1 5/8" looked a tad big. But maybe I measured small. Pretty close to 1 5/8", anyway. It was hard to see in the dark, with the cell light. If accuracy is important, I can measure in the morning. I tried to pop mine out but only one side would come loose.


----------



## knotscott (Nov 8, 2007)

That should clean up pretty nicely.....you'll be amazed at what's possible. Have fun! :thumbsup:


----------



## Steve Neul (Sep 2, 2011)

RobinDobbie said:


> 1 5/8" looked a tad big. But maybe I measured small. Pretty close to 1 5/8", anyway. It was hard to see in the dark, with the cell light. If accuracy is important, I can measure in the morning. I tried to pop mine out but only one side would come loose.


The exact-I-cut is a block to measure against instead of the blade when setting up the fence. A lot of people expecially in a industrial setting will measure against the saw blade with it running and I've seen some cut their tape measures too. With this device you can get a accurate measurement away from the blade. Like I said I have no use for this anymore and I think it would fit. Our measurements are only about a 1/32" different and I don't think sears made two different sizes.


----------



## toolguy1000 (Oct 4, 2012)

RobinDobbie said:


> I have a deep lust for a G0715P. Maybe I'll get one if I can't make this craftman sing like new. I don't see needing the blade guard with a crosscut sled.
> 
> and if you have to rip cut before you get that G0715?
> 
> ...


dry lube products are available almost everywhere. the drawback to things like like lithium grease and oil based products is that they attract saw dust and create gummy messes that impede the movement of the saws internal components.


----------



## knotscott (Nov 8, 2007)

The spray on white lithium grease dries hard like a wax, so shouldn't attract dust once it dries.


----------



## Steve Neul (Sep 2, 2011)

Hold off on the exacti cut for now and see if I can get mine out. I got some info that it can be knocked out from the underside. The insert has been in there for more than 40 years and may be stuck.


----------



## RobinDobbie (Jan 31, 2013)

On one hand(pun intended), I do take safety very seriously. On the other, I don't put my digits behind the blade or on top of the blade without a pushing device. I do freak out when I see pictures like this:
*WARNING: GORE*: http://www.documentingreality.com/f...2405-table-saw-injury-duane_hand_injury_2.jpg

I did make my own featherboard out of red oak. I liked the store bought one because it clamps in the miter slots. The $12 cost was cheaper than I valued my time for making a DIY equivalent. I might have to reevaluate that assessment since this cheap one is so far from working. 

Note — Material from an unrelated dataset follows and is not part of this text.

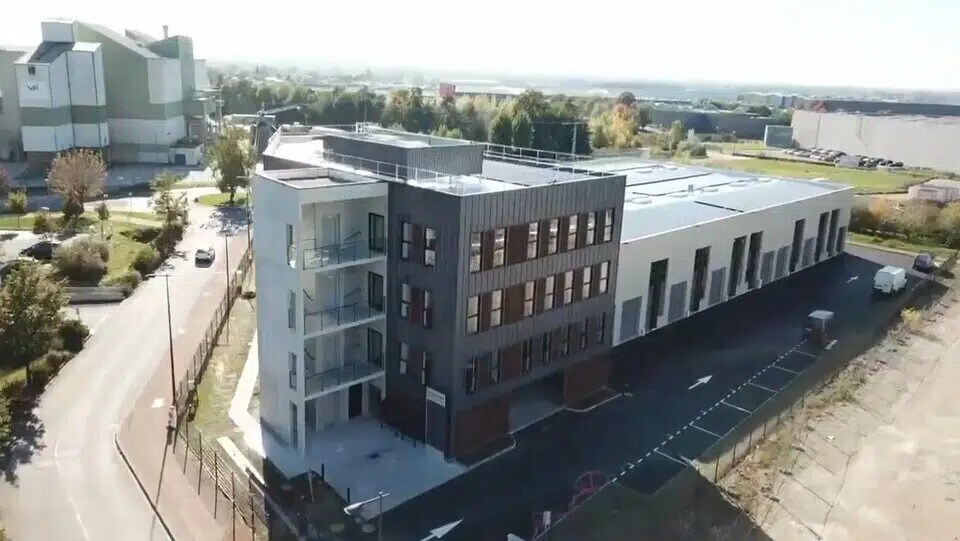 Office in Montluel for sale - Building Photo - Image 1 of 5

I like that sled. And, I keep forgetting that this new saw table is full depth, and that the runners will have plenty of time to make the sled true and straight before anything hits the blade.


----------



## RobinDobbie (Jan 31, 2013)

every diagram in the manual that might show the tilt screw bearing retainer installed is cropped or hidden. But, the parts blow-up shows the plate on the short end. I'm confused.


----------



## RobinDobbie (Jan 31, 2013)

Judging from these UFO quality images from google cache and from another forum, looks like you're right, toolguy.


----------



## toolguy1000 (Oct 4, 2012)

that's the way both of my emerson electric built 10" TSs are. 

also, when you want to build your sled, there are a zillion "gee whiz" videos and plans on the web. but this one, from a well respected amateur WW (since deceased) who was extremely creative, provides a simple, dead accurate sled:

https://www.ridgidforum.com/forum/t13945/


----------



## toolguy1000 (Oct 4, 2012)

knotscott said:


> The spray on white lithium grease dries hard like a wax, so shouldn't attract dust once it dries.

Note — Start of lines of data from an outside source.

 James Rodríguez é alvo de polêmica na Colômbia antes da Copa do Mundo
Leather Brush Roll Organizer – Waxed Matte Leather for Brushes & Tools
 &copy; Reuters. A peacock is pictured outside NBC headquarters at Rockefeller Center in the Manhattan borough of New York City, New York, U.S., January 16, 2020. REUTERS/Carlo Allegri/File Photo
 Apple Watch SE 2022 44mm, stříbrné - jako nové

is that what you use on your saw(s)' internals?


----------



## toolguy1000 (Oct 4, 2012)

Steve Neul said:


> Hold off on the exacti cut for now and see if I can get mine out. I got some info that it can be knocked out from the underside. The insert has been in there for more than 40 years and may be stuck.

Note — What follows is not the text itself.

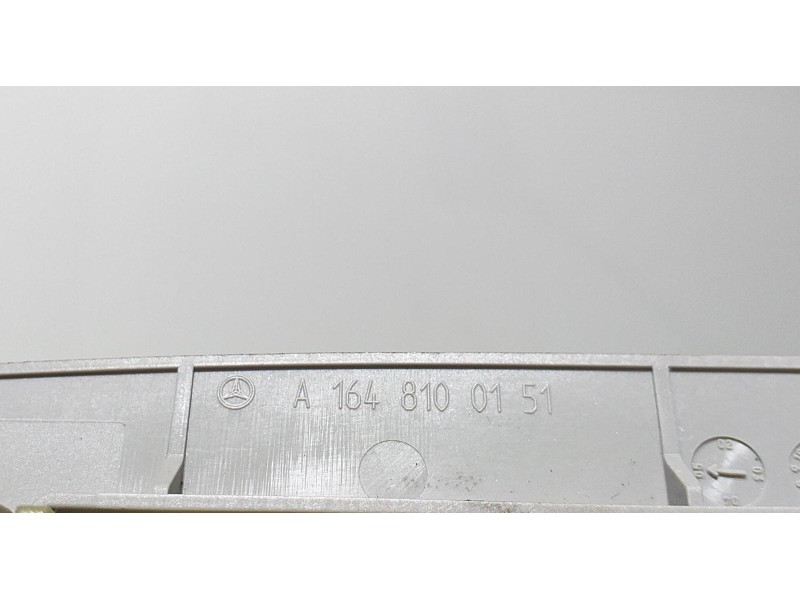Recambio de maneta interior trasera izquierda para mercedes-benz clase m (w164) 500 (164.175) referencia OEM IAM A1648100151 581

just push up from the under the table. the insert is a friction fit.


----------



## Steve Neul (Sep 2, 2011)

This is how the thing is mounted. There is just a steel plate screwed to the insert. Once the plate is removed it just knocked out. I imagine the plastic plug is made the same way so you probably shouldn't pry on it anymore.


----------



## knotscott (Nov 8, 2007)

toolguy1000 said:


> is that what you use on your saw(s)' internals?


:yes:


----------



## RobinDobbie (Jan 31, 2013)

Sweet, I go try and get my insert out. 

I already have some white lithium grease from when I had a car with a sun roof. I think the first lube I'll try is WD40 or some kind of oil. I want to get this current project out of the way. I can wash the petroleum based products off with Dawn and then do the electrolysis.


----------



## RobinDobbie (Jan 31, 2013)

Alright, mine was pretty easy to pop out from the bottom. No plate, just friction.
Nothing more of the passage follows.